**SUPPLIED MATERIAL**.
==============================

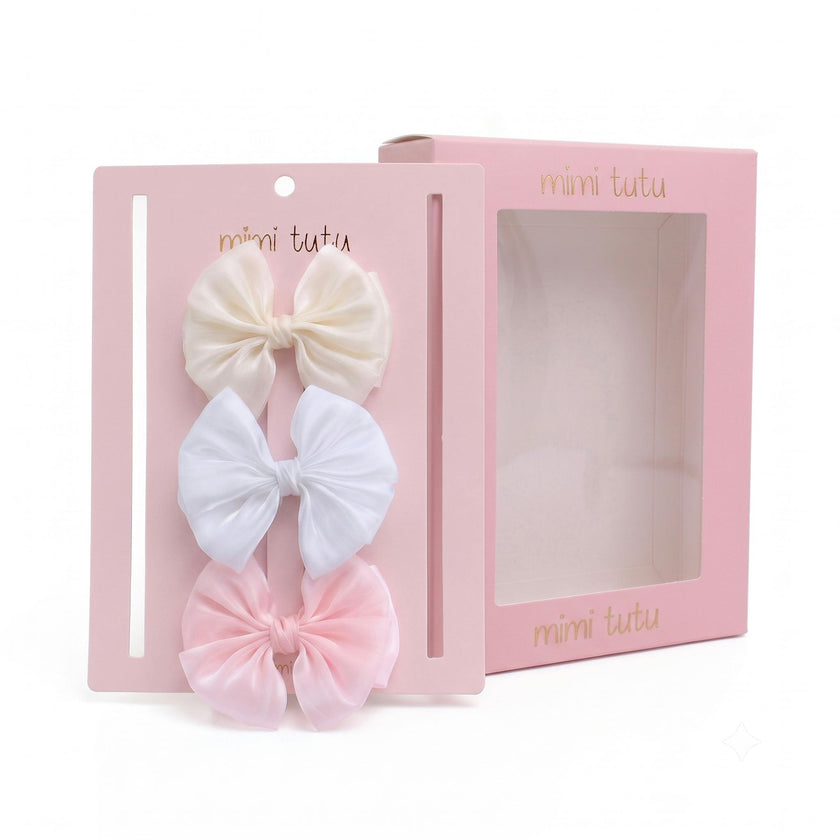 Multicolor Satin Bow Clip Set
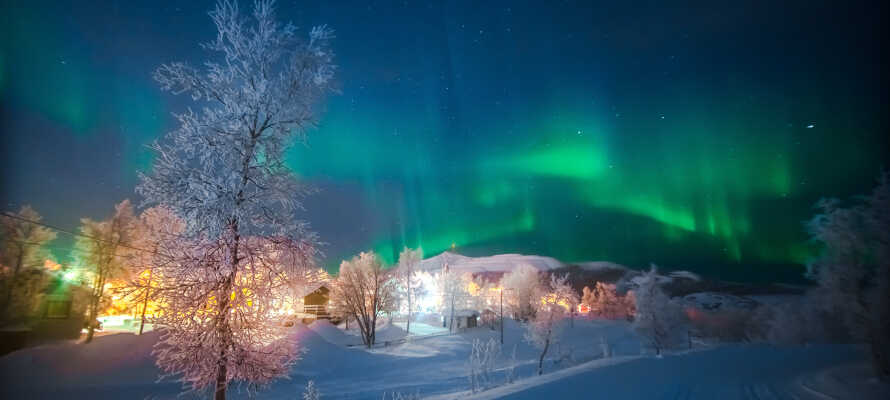 Placeringen i det nordlige Sverige betyder, at der er midnatssol om sommeren, og mulighed for at spotte nordlys om vinteren.
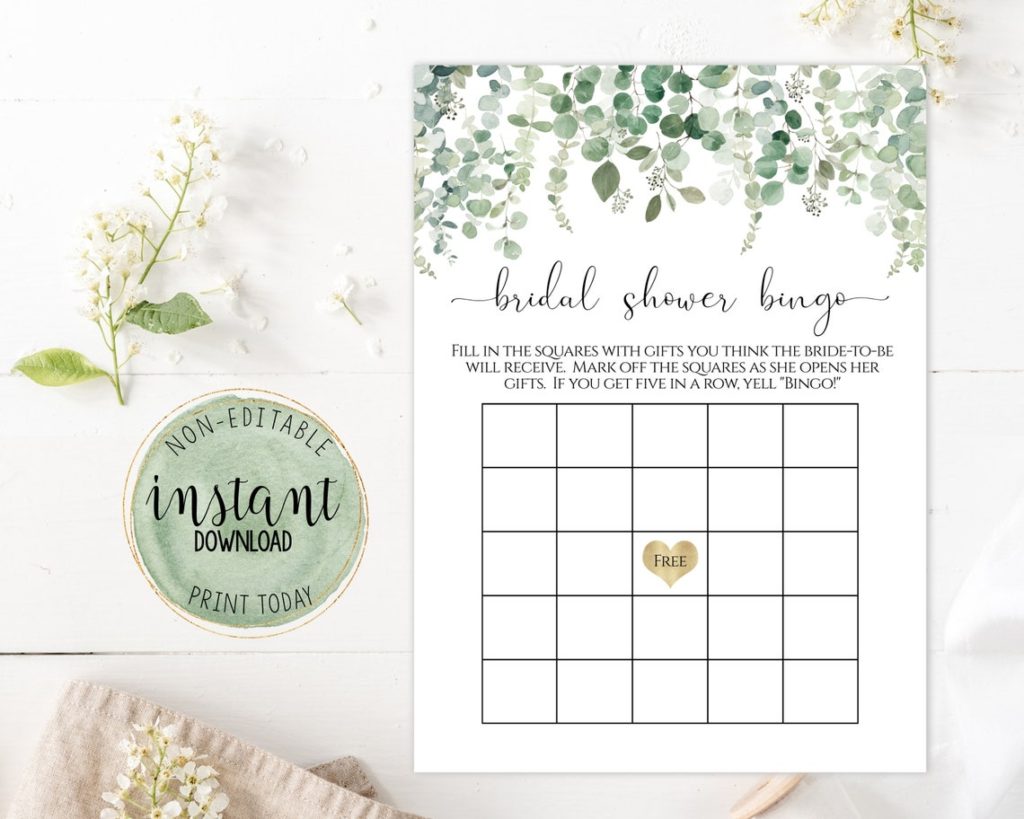 bridal shower games bingo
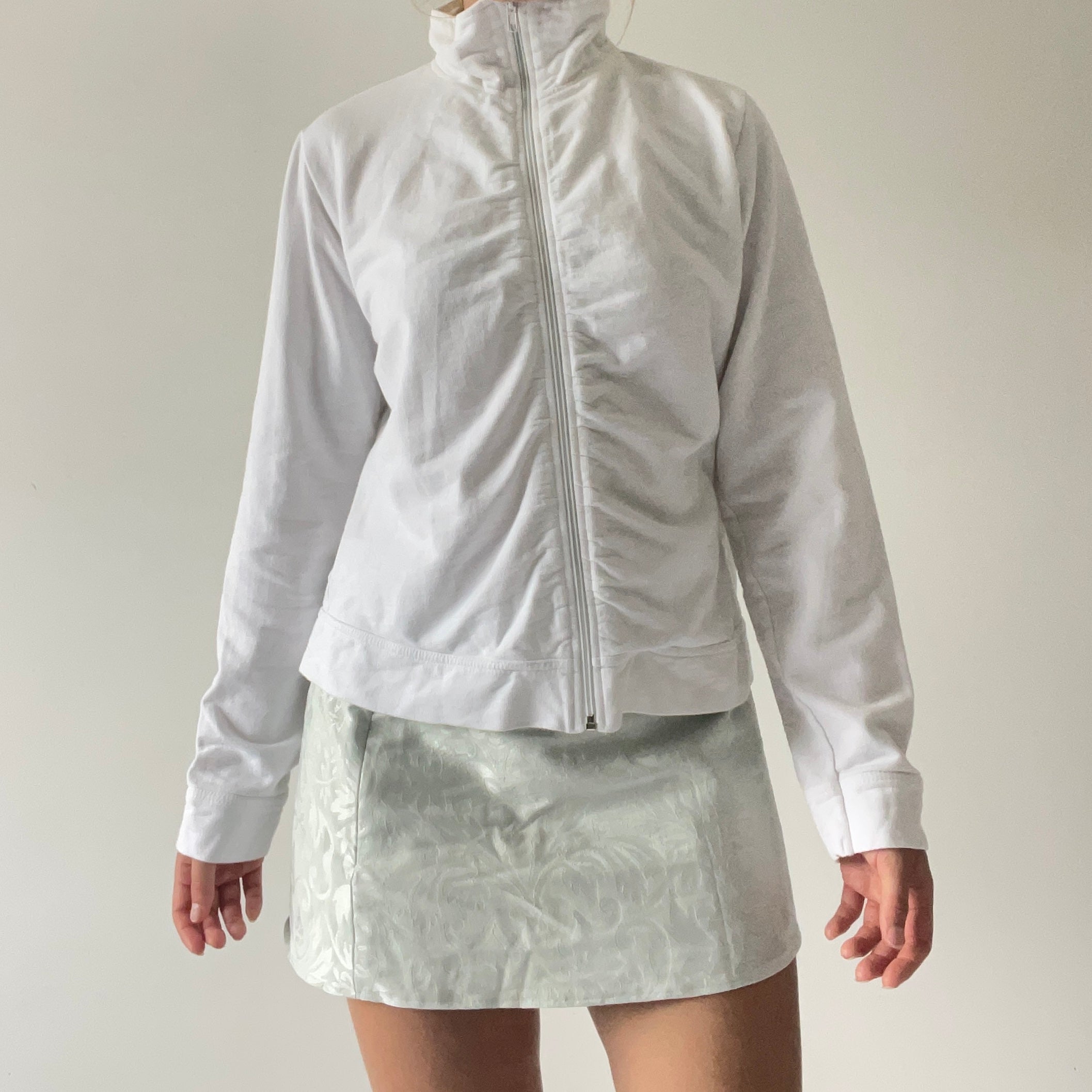 90s Glassons Ruched Zip Up | 6-16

==============================

Leave the pictures out and copy the rest of the data exactly.

**FINAL ANSWER**.
 Multicolor Satin Bow Clip Set
 Placeringen i det nordlige Sverige betyder, at der er midnatssol om sommeren, og mulighed for at spotte nordlys om vinteren.
 bridal shower games bingo
 90s Glassons Ruched Zip Up | 6-16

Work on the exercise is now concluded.